Top of Data listing

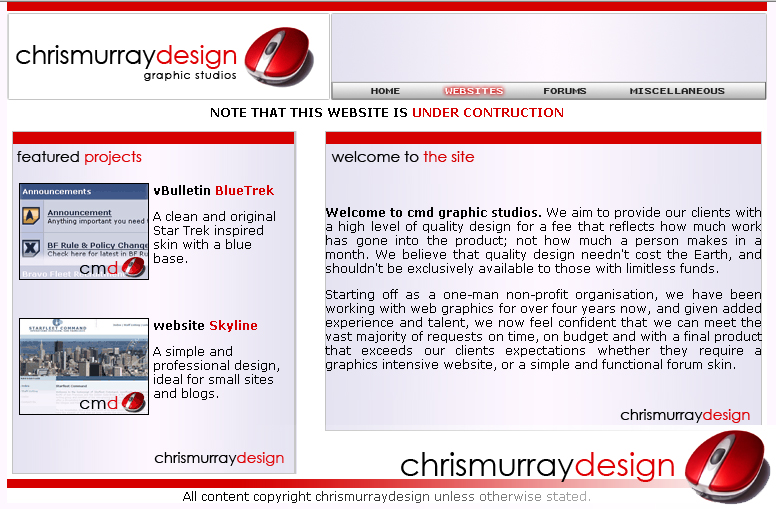 Chris Murray Design website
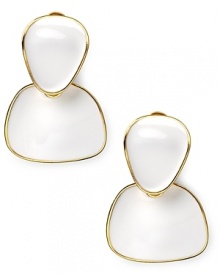 A bold shape in a standout shade, Kenneth Jay Lane's enamel drop earrings are a Mod-chic accessory choice. Slip them in to swing it '60's style.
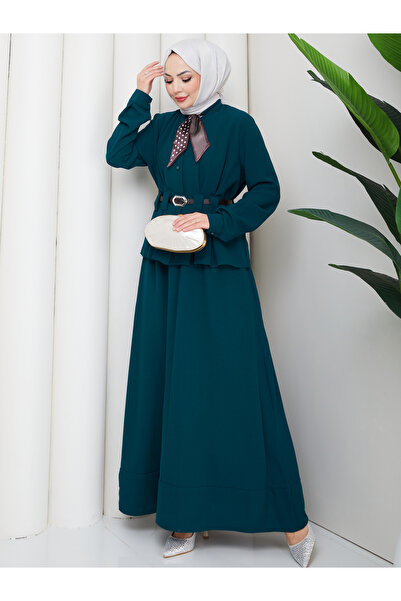 EFSUN MODA طقم تنورة نسائية مكون من حزام قطع مع وشاح على الكتف، تم اختباره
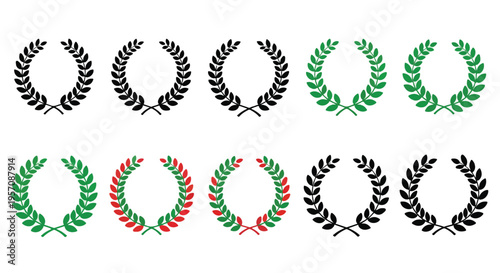 Graphic illustration of various colored laurel wreath designs on a white background.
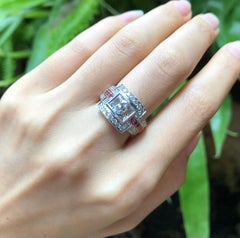 White Sapphire with Pink Sapphire and Diamond Ring Set in 18 Karat White Gold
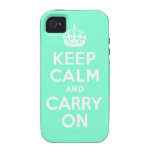 Aquamarine Keep Calm and Carry On Case-Mate Case iPhone 4/4S Cover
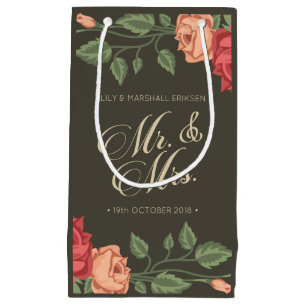 Elegante Blumenherr-u. Frau-Wedding Kleine Geschenktüte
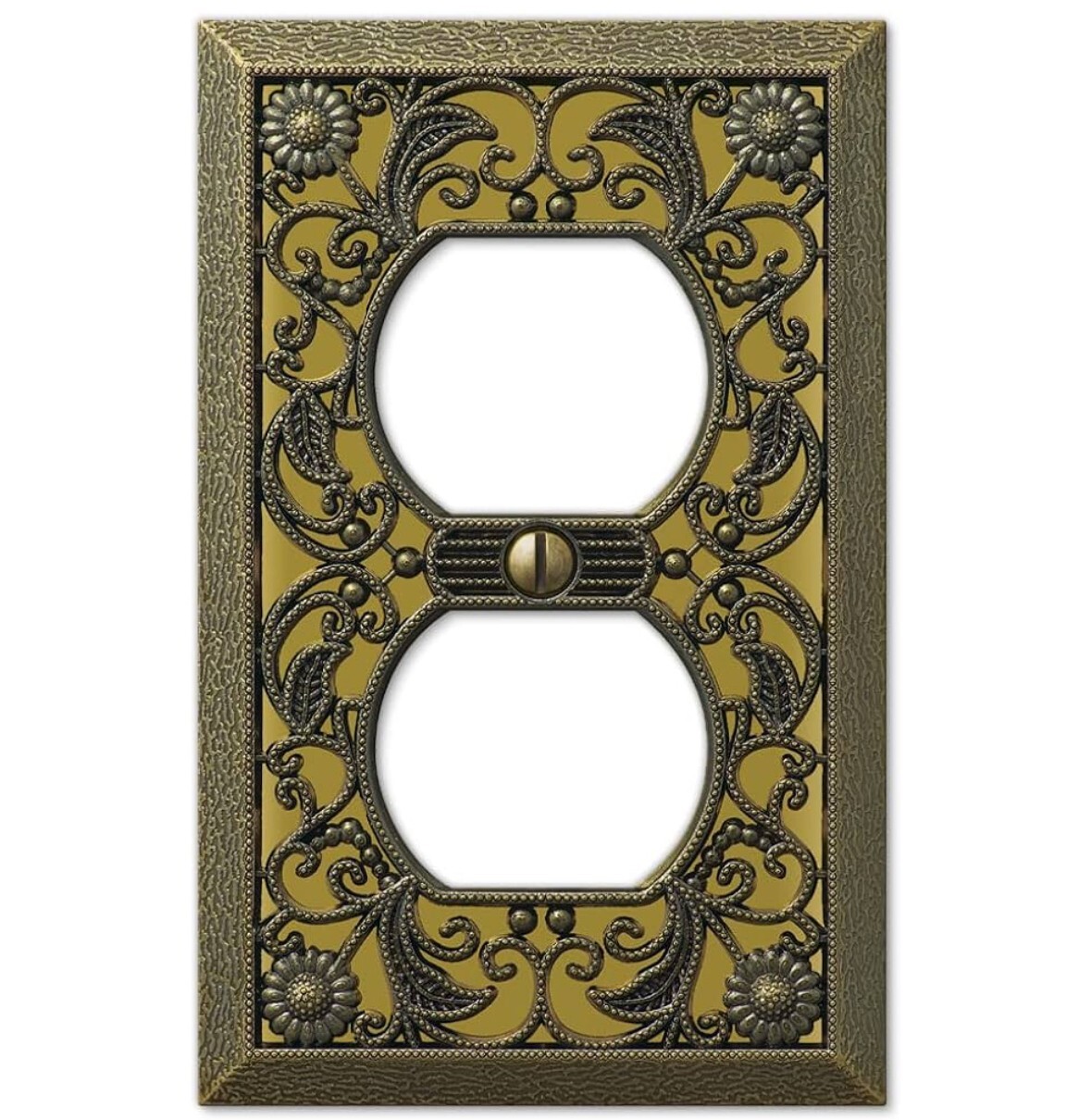 Farmhouse Styled Distressed Metal Vintage-Gold Outlet Plug Wall Plate Cover NEW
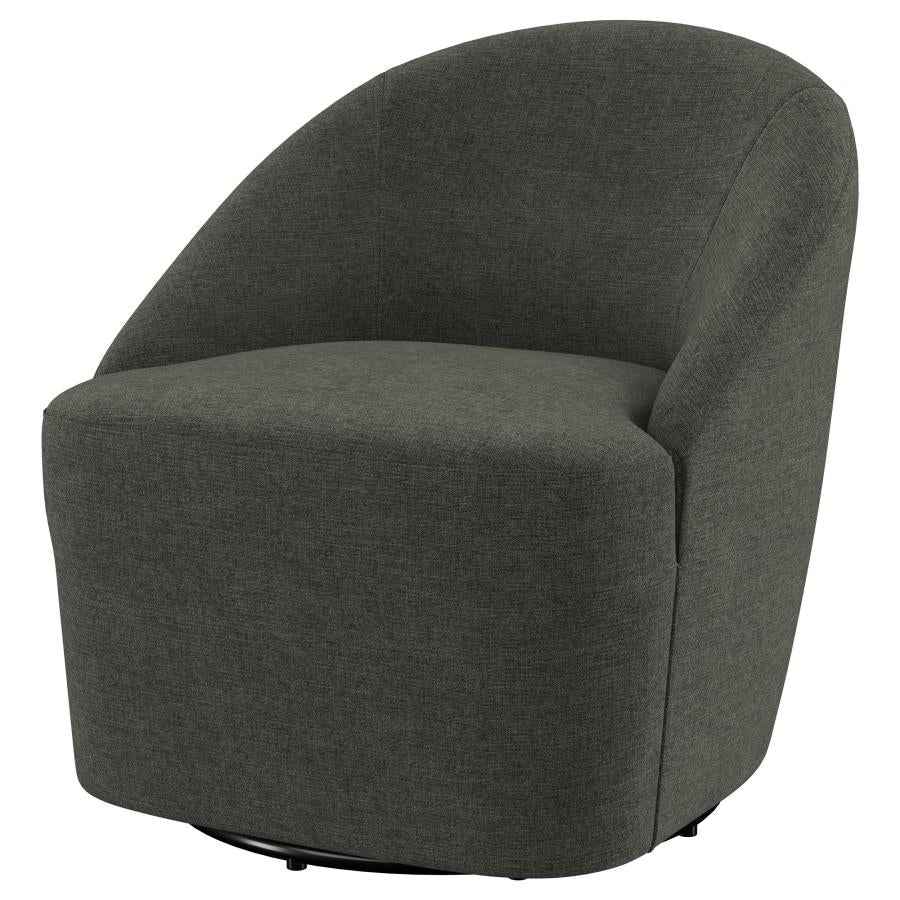 Leon Upholstered Barrel Accent Swivel Chair Hunter Green - Home & Sleep Outlet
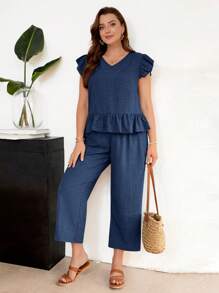 SHEIN Frenchy 2pcs Plus Size Women's Solid Color Back Single-Breasted Cap Sleeve Shirt And Pants Set - Navy Blue - View 3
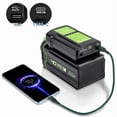 thumbnail image 2 of Adaptateur de Batterie Lithium 40V pour Ryobi avec Lumière LED Port Type C Port USB, 2 of 11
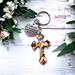 Cross Keychain made with flower petals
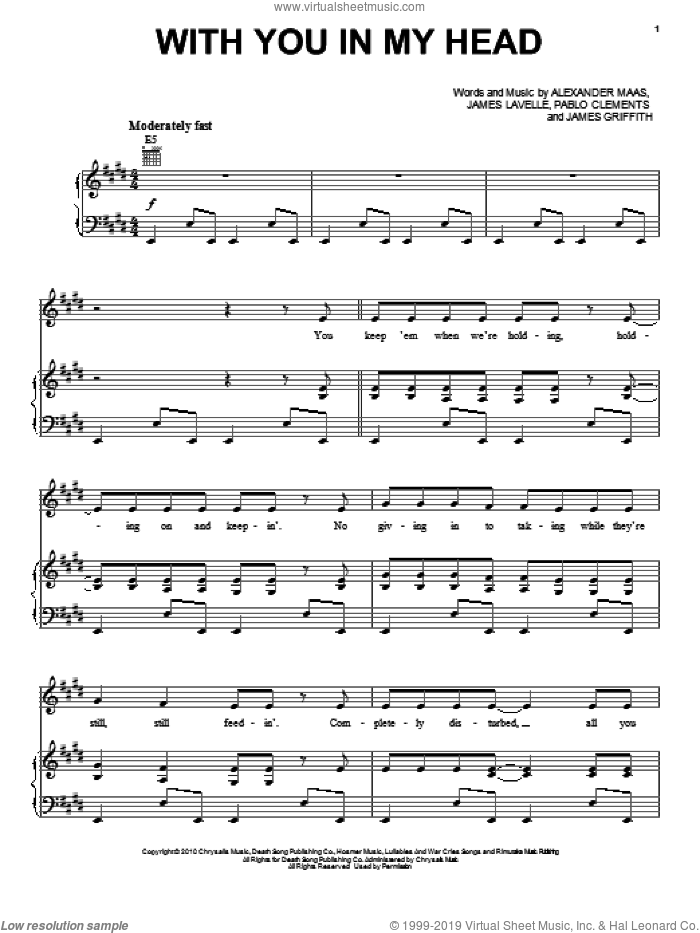 With You In My Head sheet music for voice, piano or guitar by Unkle featuring The Black Angels, Alexander Maas, James Griffith, James Lavelle and Pablo Clements, intermediate skill level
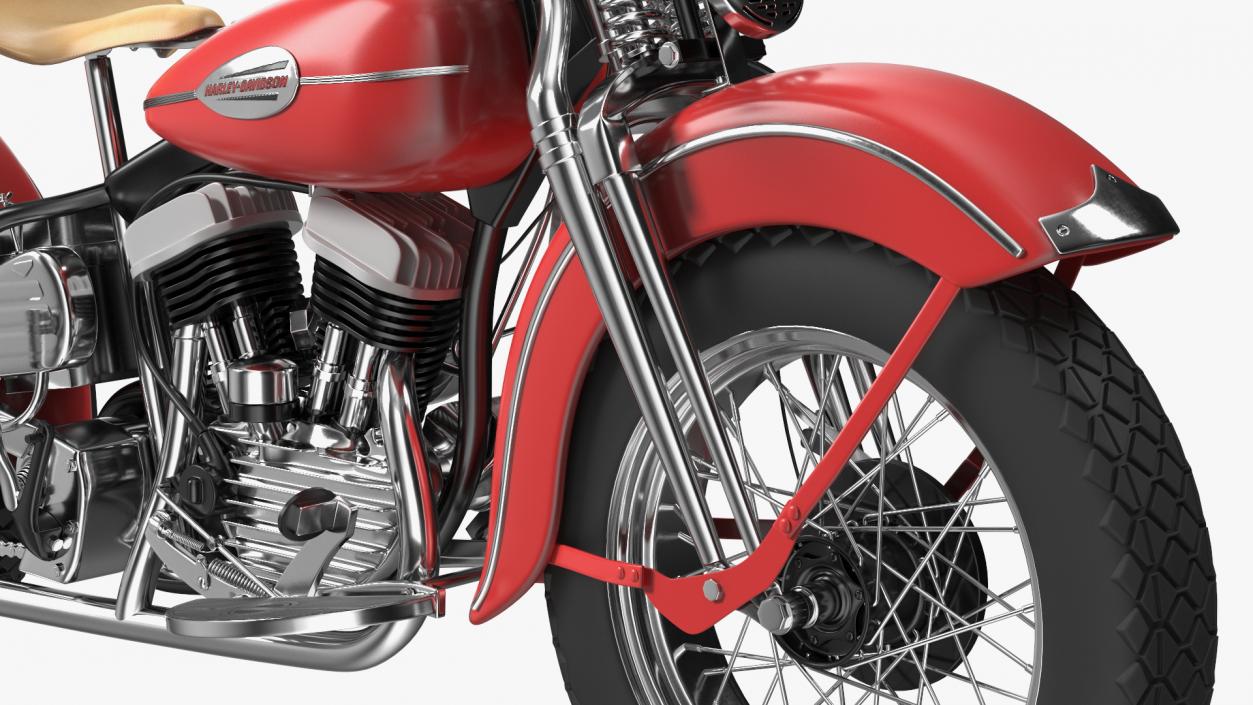 Motorcycle Harley-Davidson WLA Red 3D model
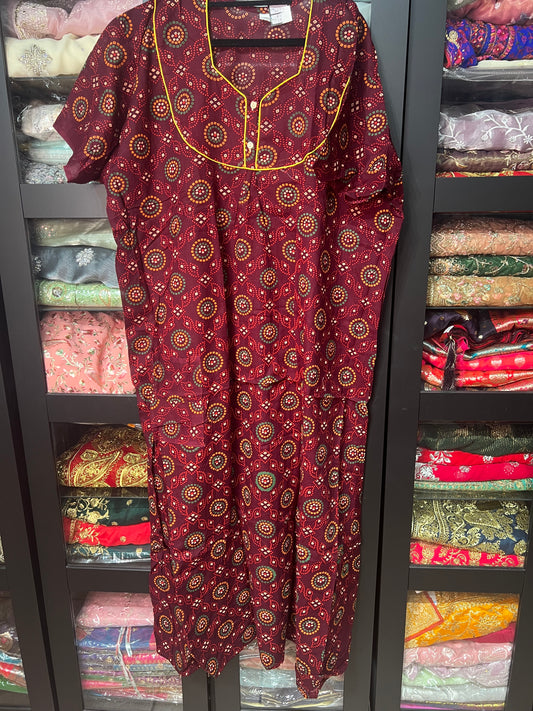 Free size Indian Cotton Nighty Nightgown NI14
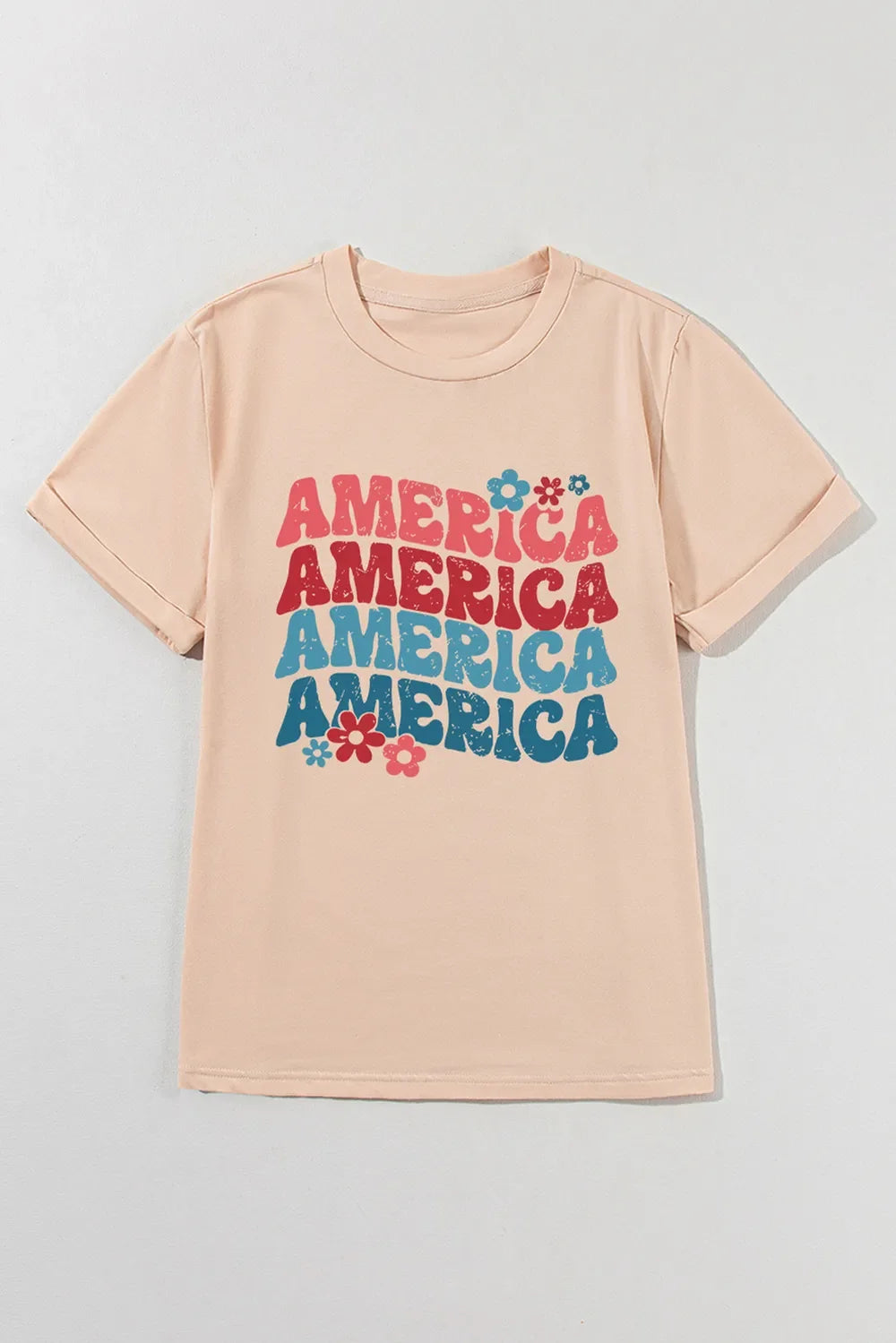 AMERICA Round Neck Short Sleeve T-Shirt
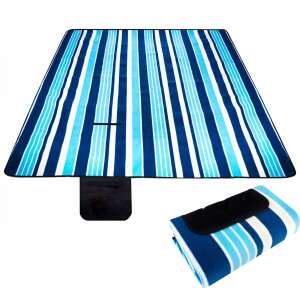 Picnic or Beach Blanket with Insulation Foil and Handle, 200x200cm, White Blue 104645354 - Beach Item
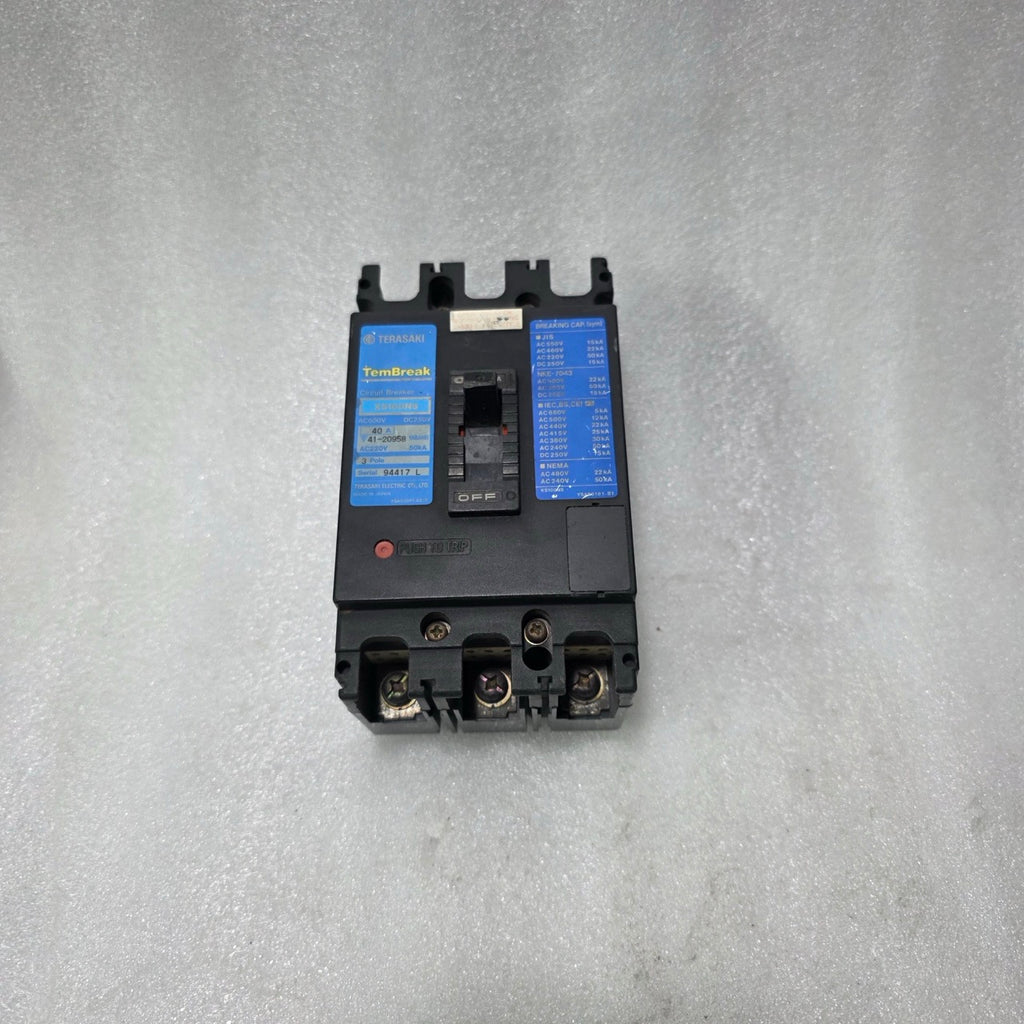 TERASAKI TEMBREAK XS100NS CIRCUIT BREAKER 40A 3 POLE | AC 600V / DC 250V | 50KA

Bottom of Data listing

With pictures omitted, restate exactly every line from the one containing "AMERICA Round Neck Short Sleeve T-Shirt" through the last line of the material, inclusive.

| Result of this exercise |
 AMERICA Round Neck Short Sleeve T-Shirt
 Picnic or Beach Blanket with Insulation Foil and Handle, 200x200cm, White Blue 104645354 - Beach Item
 TERASAKI TEMBREAK XS100NS CIRCUIT BREAKER 40A 3 POLE | AC 600V / DC 250V | 50KA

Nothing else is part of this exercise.